Silicon-interconnect fabric, or Si-IF, offers an added bonus. It’s an excellent path toward the dissolution of the f(relatively) big, complicated, and difficult-to-manufacture systems-on-chips that currently run everything from smartphones to supercomputers. In place of SoCs, system designers could use a conglomeration of smaller, simpler-to-design, and easier-to-manufacture chiplets tightly interconnected on an Si-IF. This chiplet revolution is already well under way, with AMD, Intel, Nvidia, and others offering chiplets assembled inside of advanced packages. Silicon-interconnect fabric expands that vision, breaking the system out of the package to include the entire computer.
To understand the value of eliminating the printed circuit board, consider what happens with a typical SoC. Thanks to Moore’s Law, a 1-square-centimeter piece of silicon can pack pretty much everything needed to drive a smartphone. Unfortunately, for a variety of reasons that mostly begin and end with the printed circuit board, this sliver of silicon is then put inside a (usually) plastic package that can be as much as 20 times as large as the chip itself.
The size difference between chip and package creates at least two problems. First, the volume and weight of the packaged chip are much greater than those of the original piece of silicon. Obviously, that’s a problem for all things that need to be small, thin, and light. Second, if the final hardware requires multiple chips that talk to one another (and most systems do), then the distance that signals need to travel increases by more than a factor of 10. That distance is a speed and energy bottleneck, especially if the chips exchange a lot of data. This choke point is perhaps the biggest problem for data-intensive applications such as graphics, machine learning, and search. To make matters worse, packaged chips are difficult to keep cool. Indeed, heat removal has been a limiting factor in computer systems for decades.
If these packages are such a problem, why not just remove them? Because of the printed circuit board.
The purpose of the printed circuit board is, of course, to connect chips, passive components, and other devices into a working system. But it’s not an ideal technology. PCBs are difficult to make perfectly flat and are prone to warpage. Chip packages usually connect to the PCB via a set of solder bumps, which are melted and resolidified during the manufacturing process. The limitations of solder technology combined with surface warpage mean these solder bumps can be no less than 0.5 millimeters apart. In other words, you can pack no more than 400 connections per square centimeter of chip area. For many applications, that’s far too few connections to deliver power to the chip and get signals in and out.
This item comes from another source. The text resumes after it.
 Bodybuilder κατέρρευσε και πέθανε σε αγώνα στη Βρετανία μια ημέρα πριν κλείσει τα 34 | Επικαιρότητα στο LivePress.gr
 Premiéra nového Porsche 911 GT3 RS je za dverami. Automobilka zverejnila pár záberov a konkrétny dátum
For example, the small area taken up by one of the Intel Atom processor’s dies has only enough room for a hundred 0.5-mm connections, falling short of what it needs by 300. Designers use the chip package to make the connection-per-unit-area math work. The package takes tiny input/output connections on the silicon chip—ranging from 1 to 50 micrometers wide—and fans them out to the PCB’s 500-µm scale.
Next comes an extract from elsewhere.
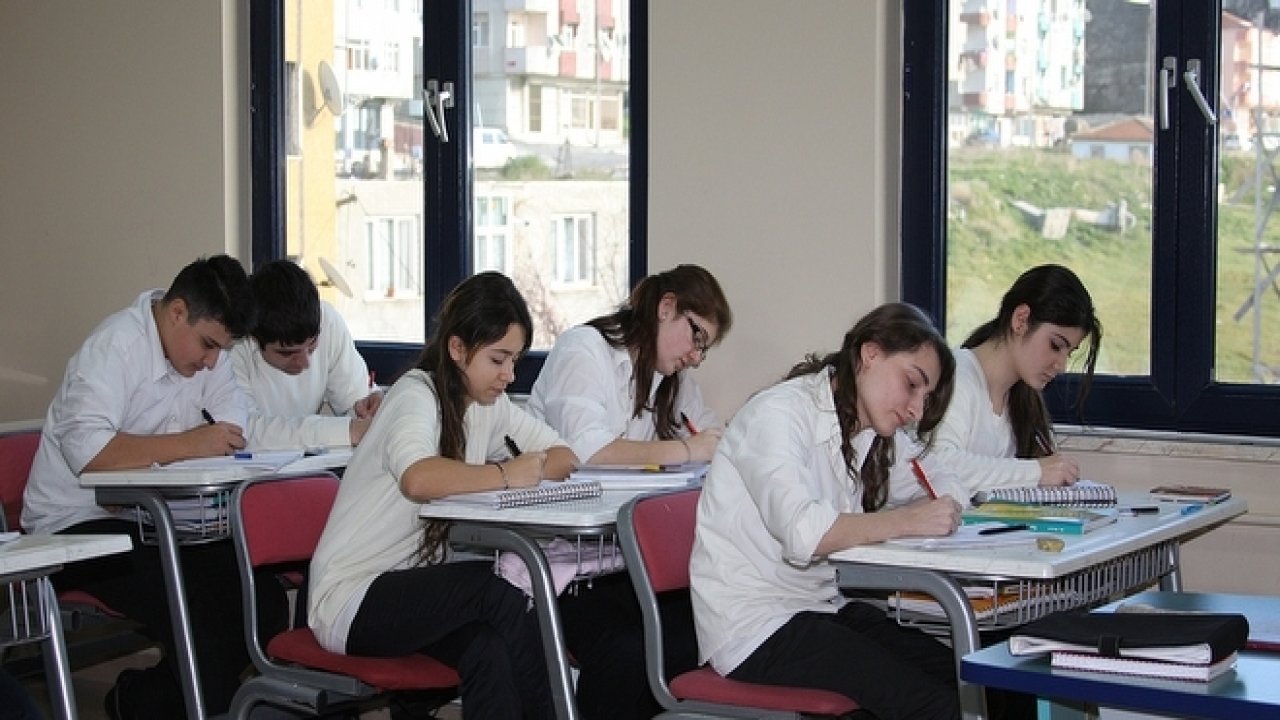 Okullar Yarın Açılıyor! MEB Aileleri Uyardı!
Recently, the semiconductor industry has tried to limit the problems of printed circuit boards by developing advanced packaging, such as silicon interposer technology. An interposer is a thin layer of silicon on which a small number of bare silicon chips are mounted and linked to each other with a larger number of connections than could be made between two packaged chips. But the interposer and its chips must still be packaged and mounted on a PCB, so this arrangement adds complexity without solving any of the other issues. Moreover, interposers are necessarily thin, fragile, and limited in size, which means it is difficult to construct large systems on them.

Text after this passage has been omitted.